Après deux journées d’exploration d’autres filières de la conservation, le bibliothécaire retrouvait le vendredi sa pratique quotidienne, avec une matinée essentiellement consacrée aux bibliothèques.

Jacques Deville ouvrit les travaux en présentant la politique d’enrichissement des fonds du patrimoine des bibliothèques. Il rappela que ces fonds, importants mais mal catalogués, le plus souvent d’intérêt local, sont enrichis depuis une quinzaine d’années, grâce à un triple dispositif scientifique (repérage des collections), juridique (lois relatives aux dations, au droit de préemption, aux restrictions imposées en matière d’exportation) et financier (subventions croisées de l’État, des régions et des communes, fonds régionaux d’acquisition des bibliothèques). Il releva la pertinence de ce cadre pour les acquisitions rétrospectives, autant que sa fragilité pour la mise en cohérence des acquisitions de documents récents, « susceptibles de constituer ce qu’il conviendrait de définir comme le patrimoine de demain : bibliophilie contemporaine, cartes postales, photographies, revues locales ». Parmi les pistes suggérées par Jacques Deville pour remédier à cette fragilité figure le renforcement des pôles d’excellence des établissements. Précisément, l’intervention conjointe des directeurs des trois bibliothèques municipales à vocation régionale (BMVR) de Champagne-Ardenne (Reims, Troyes, Châlons), donna un aperçu vivant des potentialités de cette solution : la « politique régionale concertée de la conservation du patrimoine écrit » conçue dans cette région riche en BMVR porte sur le partage des missions d’intérêt régional dans le domaine de la conservation, de l’enrichissement, du signalement et de la circulation du patrimoine écrit entre BMVR, ainsi qu’avec les autres bibliothèques de la région. Les outils permettant la mise en oeuvre de ces sains préceptes sont formés par une base bibliographique régionale, à venir, et par des projets de conservation thématique portant sur des fonds spécialisés (tels les fonds Rimbaud et poésie à Charleville, les affiches et les arts graphiques à Chaumont).

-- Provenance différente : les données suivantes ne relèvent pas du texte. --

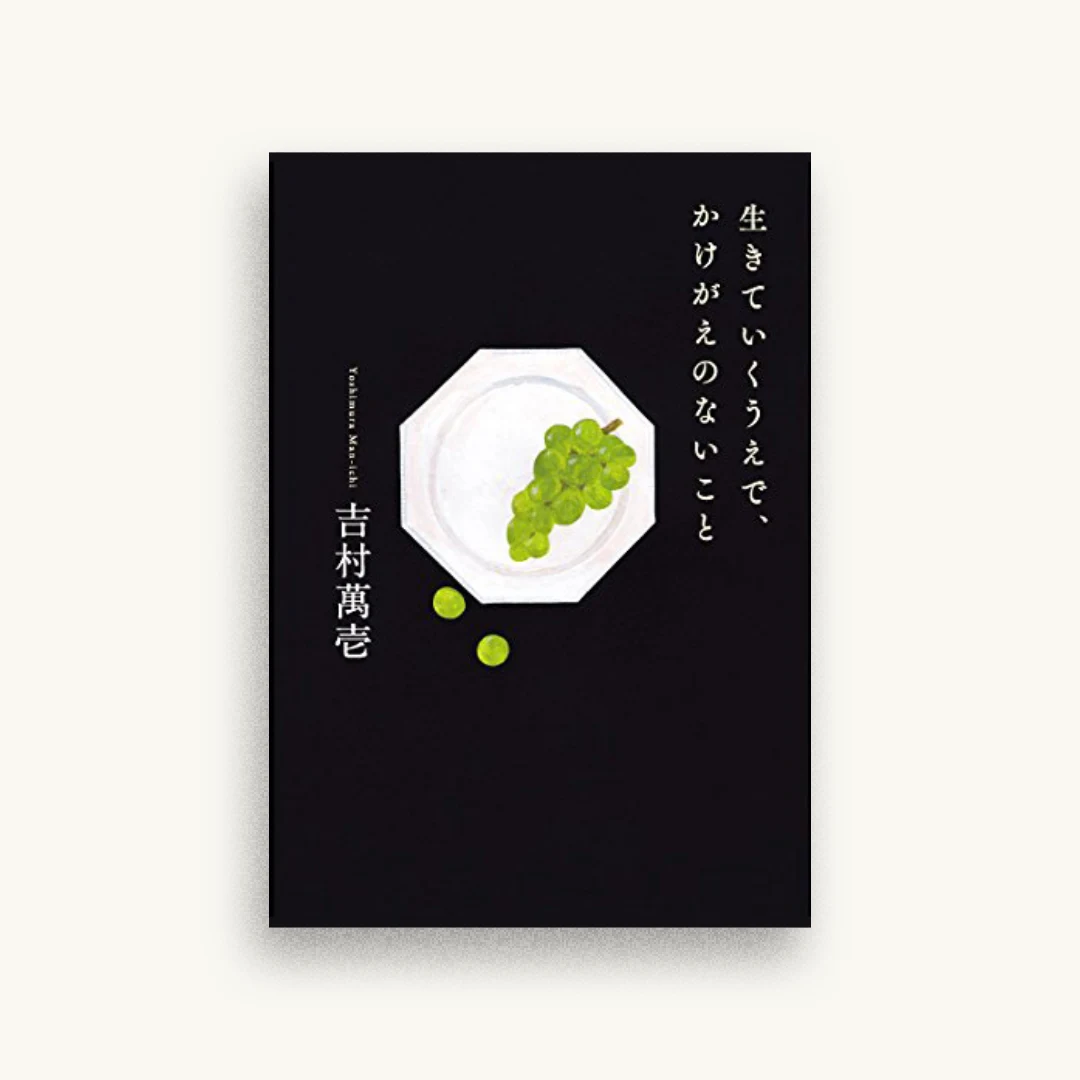 生きていくうえで、かけがえのないこと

Entre l’administration centrale et les établissements en région, la Bibliothèque nationale de France (BnF) joue un rôle irremplaçable ; le réseau des pôles associés et le dispositif du dépôt légal sont ses deux principaux modes d’intervention en la matière. Georges Perrin exposa la théorie et la pratique des pôles associés, de leur origine en 1994 à nos jours ; il rappela que les séances d’évaluation annuelles menées avec les 77 établissements formant les 36 pôles actuels permettent de « parfaire le dessin de la carte documentaire française ». Deux traits d’évolution sont à relever : l’essor des pôles « label » (sans attribution de crédits), ainsi que la part croissante prise par la numérisation dans les projets récents (telles les publications de sociétés savantes des XVIIIe et XIXe siècles en cours en Aquitaine et en Lorraine, associant bibliothèques et services d’archives).

Le dépôt légal

La table ronde consacrée au dépôt légal, fut animée par Jérôme Belmon, un des artisans, depuis 1993, de sa réforme; y participaient Marcelle Beaudiquez, Isabelle Boudet, responsable du service du dépôt légal, Laure Beaumont-Maillet, de la BnF, Dominique Arot, du Conseil supérieur des bibliothèques. On retiendra principalement ici les deux idées plus spécifiquement relatives à la sélection appliquée à ce dépôt obligatoire et théoriquement exhaustif ; d’une part, l’hypothèse, envisagée par le service du dépôt légal, d’un échantillonnage, pour certains types de documents jugés encombrants, de trois des quatre exemplaires du dépôt éditeur des imprimés, une fois assurée la conservation absolue de l’un d’eux; d’autre part, et ce fut un point développé par Dominique Arot, la nécessaire définition d’une politique de sélection raisonnée et de conservation partagée, utilisant comme base le dépôt légal (dépôt éditeur au plan national et, en région, dépôt imprimeur).

Claudine Lieber, inspecteur général des bibliothèques, approfondit cette idée de sélection raisonnée en soulignant les contraintes parfois contradictoires qui pèsent sur les bibliothèques, gardiennes de mémoire dans des bâtiments toujours insuffisants pour faire face à l’accroissement de la production imprimée. Au travers de ces différentes interventions fut ainsi amplement développée la thématique de la conservation, mais beaucoup moins celle de la sélection et des moyens de l’opérer sereinement, ce qui est assurément regrettable. En ce sens, une ouverture du débat aux bibliothèques universitaires, par exemple, aurait pu apporter un éclairage différent.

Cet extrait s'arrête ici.